*** Provided entries Section Begins ***

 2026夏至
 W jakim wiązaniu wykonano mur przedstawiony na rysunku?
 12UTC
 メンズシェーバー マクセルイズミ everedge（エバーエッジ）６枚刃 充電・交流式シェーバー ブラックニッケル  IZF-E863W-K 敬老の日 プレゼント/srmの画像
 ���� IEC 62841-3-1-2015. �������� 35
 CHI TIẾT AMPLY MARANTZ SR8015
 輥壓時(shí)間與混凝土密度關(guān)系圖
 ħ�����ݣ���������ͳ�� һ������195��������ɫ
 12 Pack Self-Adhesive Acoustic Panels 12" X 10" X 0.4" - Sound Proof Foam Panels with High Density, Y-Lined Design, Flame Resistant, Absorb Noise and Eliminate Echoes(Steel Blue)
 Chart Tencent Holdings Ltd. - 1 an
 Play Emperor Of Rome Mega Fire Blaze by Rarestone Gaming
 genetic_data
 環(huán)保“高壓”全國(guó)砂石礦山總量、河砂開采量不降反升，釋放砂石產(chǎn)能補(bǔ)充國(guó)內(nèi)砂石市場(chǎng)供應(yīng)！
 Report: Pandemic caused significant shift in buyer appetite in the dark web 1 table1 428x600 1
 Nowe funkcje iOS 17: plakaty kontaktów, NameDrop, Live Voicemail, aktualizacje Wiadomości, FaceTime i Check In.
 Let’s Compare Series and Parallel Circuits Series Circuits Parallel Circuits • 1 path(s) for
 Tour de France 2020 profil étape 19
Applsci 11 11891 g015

*** Provided entries Section Ends ***

### [What you should do]
Give every line of the material again, exactly.

### [Written solution]
 2026夏至
 W jakim wiązaniu wykonano mur przedstawiony na rysunku?
 12UTC
 メンズシェーバー マクセルイズミ everedge（エバーエッジ）６枚刃 充電・交流式シェーバー ブラックニッケル  IZF-E863W-K 敬老の日 プレゼント/srmの画像
 ���� IEC 62841-3-1-2015. �������� 35
 CHI TIẾT AMPLY MARANTZ SR8015
 輥壓時(shí)間與混凝土密度關(guān)系圖
 ħ�����ݣ���������ͳ�� һ������195��������ɫ
 12 Pack Self-Adhesive Acoustic Panels 12" X 10" X 0.4" - Sound Proof Foam Panels with High Density, Y-Lined Design, Flame Resistant, Absorb Noise and Eliminate Echoes(Steel Blue)
 Chart Tencent Holdings Ltd. - 1 an
 Play Emperor Of Rome Mega Fire Blaze by Rarestone Gaming
 genetic_data
 環(huán)保“高壓”全國(guó)砂石礦山總量、河砂開采量不降反升，釋放砂石產(chǎn)能補(bǔ)充國(guó)內(nèi)砂石市場(chǎng)供應(yīng)！
 Report: Pandemic caused significant shift in buyer appetite in the dark web 1 table1 428x600 1
 Nowe funkcje iOS 17: plakaty kontaktów, NameDrop, Live Voicemail, aktualizacje Wiadomości, FaceTime i Check In.
 Let’s Compare Series and Parallel Circuits Series Circuits Parallel Circuits • 1 path(s) for
 Tour de France 2020 profil étape 19
Applsci 11 11891 g015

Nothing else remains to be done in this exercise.